1. Check to see if your withholding is appropriate for you.We’ll start by clarifying that the refund check that you are receiving has been yours all along. This is money that you paid in taxes above what you were obligated to. If your refund is sizeable, check with your tax preparer or tax professional and see if you can adjust so that you are keeping more of your own money in your paychecks. More money monthly could mean hitting your financial goals faster. If you are working to pay off debt, having that money earlier could mean paying less interest, saving you more money.

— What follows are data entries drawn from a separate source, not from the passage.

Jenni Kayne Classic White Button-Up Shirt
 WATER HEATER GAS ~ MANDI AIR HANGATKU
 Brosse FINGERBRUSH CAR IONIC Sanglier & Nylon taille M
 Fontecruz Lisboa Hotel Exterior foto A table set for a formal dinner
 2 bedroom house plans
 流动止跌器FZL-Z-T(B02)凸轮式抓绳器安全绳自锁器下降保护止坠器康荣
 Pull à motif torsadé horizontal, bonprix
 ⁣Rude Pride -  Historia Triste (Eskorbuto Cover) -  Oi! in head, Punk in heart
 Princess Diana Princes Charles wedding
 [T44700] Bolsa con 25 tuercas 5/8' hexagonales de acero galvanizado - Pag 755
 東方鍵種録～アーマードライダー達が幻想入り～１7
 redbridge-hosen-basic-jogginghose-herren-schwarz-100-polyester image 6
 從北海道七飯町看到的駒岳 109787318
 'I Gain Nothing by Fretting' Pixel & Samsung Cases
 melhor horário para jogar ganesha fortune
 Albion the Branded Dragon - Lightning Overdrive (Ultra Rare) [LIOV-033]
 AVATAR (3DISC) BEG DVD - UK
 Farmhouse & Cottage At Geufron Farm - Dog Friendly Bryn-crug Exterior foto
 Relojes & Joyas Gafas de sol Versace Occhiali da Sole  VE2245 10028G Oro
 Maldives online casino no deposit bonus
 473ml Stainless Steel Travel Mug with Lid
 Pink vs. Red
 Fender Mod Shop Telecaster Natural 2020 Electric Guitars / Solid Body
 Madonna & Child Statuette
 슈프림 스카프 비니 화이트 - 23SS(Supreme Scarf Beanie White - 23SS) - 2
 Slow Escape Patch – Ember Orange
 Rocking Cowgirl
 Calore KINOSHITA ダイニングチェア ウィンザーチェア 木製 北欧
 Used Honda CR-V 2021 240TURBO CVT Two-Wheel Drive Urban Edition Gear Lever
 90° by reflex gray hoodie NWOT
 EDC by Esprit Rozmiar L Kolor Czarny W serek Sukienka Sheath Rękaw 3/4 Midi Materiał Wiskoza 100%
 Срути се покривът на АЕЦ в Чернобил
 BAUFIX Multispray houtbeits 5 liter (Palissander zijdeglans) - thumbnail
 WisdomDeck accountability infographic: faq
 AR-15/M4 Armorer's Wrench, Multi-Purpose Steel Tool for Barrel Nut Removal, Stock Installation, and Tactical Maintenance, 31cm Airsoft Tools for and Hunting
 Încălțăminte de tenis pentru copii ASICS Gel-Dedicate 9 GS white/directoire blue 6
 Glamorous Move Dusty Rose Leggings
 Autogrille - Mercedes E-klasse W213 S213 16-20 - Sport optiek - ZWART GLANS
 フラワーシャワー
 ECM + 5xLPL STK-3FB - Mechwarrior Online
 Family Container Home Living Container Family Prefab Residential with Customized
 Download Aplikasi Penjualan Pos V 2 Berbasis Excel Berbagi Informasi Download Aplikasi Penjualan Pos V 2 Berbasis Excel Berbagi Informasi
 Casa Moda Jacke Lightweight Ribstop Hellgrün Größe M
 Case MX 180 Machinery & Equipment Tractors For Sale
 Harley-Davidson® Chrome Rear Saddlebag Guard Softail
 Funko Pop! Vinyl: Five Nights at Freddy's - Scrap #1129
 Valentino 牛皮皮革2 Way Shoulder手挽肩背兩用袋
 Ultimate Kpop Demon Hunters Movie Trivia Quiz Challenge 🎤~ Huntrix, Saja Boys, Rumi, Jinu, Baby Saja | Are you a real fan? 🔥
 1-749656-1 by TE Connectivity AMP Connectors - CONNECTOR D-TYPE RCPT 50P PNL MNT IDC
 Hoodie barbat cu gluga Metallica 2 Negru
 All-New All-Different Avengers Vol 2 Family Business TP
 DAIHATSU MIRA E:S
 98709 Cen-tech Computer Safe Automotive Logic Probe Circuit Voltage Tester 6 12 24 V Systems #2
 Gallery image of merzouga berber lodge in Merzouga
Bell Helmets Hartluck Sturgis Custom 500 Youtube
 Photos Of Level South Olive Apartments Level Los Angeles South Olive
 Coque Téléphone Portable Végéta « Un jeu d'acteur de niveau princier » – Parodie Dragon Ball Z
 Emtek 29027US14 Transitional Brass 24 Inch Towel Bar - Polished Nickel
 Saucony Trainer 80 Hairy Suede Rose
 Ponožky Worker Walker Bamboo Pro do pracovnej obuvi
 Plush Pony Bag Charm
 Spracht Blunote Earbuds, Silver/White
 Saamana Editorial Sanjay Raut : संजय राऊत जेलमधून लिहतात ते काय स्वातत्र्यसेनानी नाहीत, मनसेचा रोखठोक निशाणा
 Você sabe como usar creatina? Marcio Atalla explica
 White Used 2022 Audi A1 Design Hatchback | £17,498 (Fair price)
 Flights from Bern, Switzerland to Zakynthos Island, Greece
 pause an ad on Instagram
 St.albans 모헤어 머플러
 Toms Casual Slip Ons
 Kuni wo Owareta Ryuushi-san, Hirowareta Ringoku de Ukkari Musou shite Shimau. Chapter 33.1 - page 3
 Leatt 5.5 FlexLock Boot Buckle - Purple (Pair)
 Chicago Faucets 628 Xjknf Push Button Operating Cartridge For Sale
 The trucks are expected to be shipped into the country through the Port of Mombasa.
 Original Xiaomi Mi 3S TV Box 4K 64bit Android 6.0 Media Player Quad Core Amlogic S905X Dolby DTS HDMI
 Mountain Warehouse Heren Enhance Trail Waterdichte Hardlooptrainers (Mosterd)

2. Assess any outstanding debts. Are you behind on any important bills? That may be the first place you apply an overage refund check. If you are current but have any credit cards or debt payments, this is the next place to look. Consider paying down the principal on a loan or credit card balance to get toward payoff that much faster. It may not feel as exciting as a trip or a new pair of skis, but paying down debt will reduce the number of monthly payments you have to make, meaning you keep more of your hard earned money every month. You will also pay less interest over the life of your loan, potentially saving you a ton of money in the long run. Plus, who likes the weight of debt on their shoulders? Kick the debt for good and see a boost in your mental health and a reduction in your stress levels.
3. Have no debt? Awesome! Are you contributing to your retirement accounts at the rate you want to? If you are behind on what you are wanting to contribute, consider putting some money towards your investments. Compounded interest now becomes your greatest ally when investing for retirement. Small amounts invested today turn in to large amounts in growing years.
4. Consider giving charitably. Are your needs met, leaving you feeling fortunate and grateful? Consider giving back to your community in the way of a charitable financial contribution. Do your homework and find some organizations that you feel pulled to and that check out from a financial standpoint. Sites like www.charitynavigator.org will help you to check the specs on different charities, viewing how responsibly they use your contributions. This can be really helpful when deciding where to give your heartfelt donations. You want to know that the organizations you are giving to will use the funds in an ethical and wise way.
5. Put some money away for Christmas. Yes, it may seem early to be thinking about Christmas spending and giving. But in reality, it is approaching fast from a financial standpoint. Rather than scrambling this Christmas and putting gifts on credit cards to fund a holiday you can’t afford, put some away in a separate savings account now. Decide on a budget for all the recipients on your list and sock that amount away (or at least a portion). By the time black friday rolls around, you will have the cash you need to buy AND take advantage of savings offered at this time of year. The savings is threefold: 1. cash you put away can earn a small amount of interest 2. You will not be financing your purchases at 18-24% interest on a credit card, saving you a ton, and 3. You can buy at steeply discounted prices by taking advantage of the time of year. AND you will reduce your stress around the holidays, making them more enjoyable for everyone. Because let’s face it. No one likes grumpy pants around the holidays.
When it comes to your return, spend (or save) it wisely, and remember that it is your money to begin with, not a bonus that floats to you out of thin air. Use it like money you earn, not money that was gifted to you.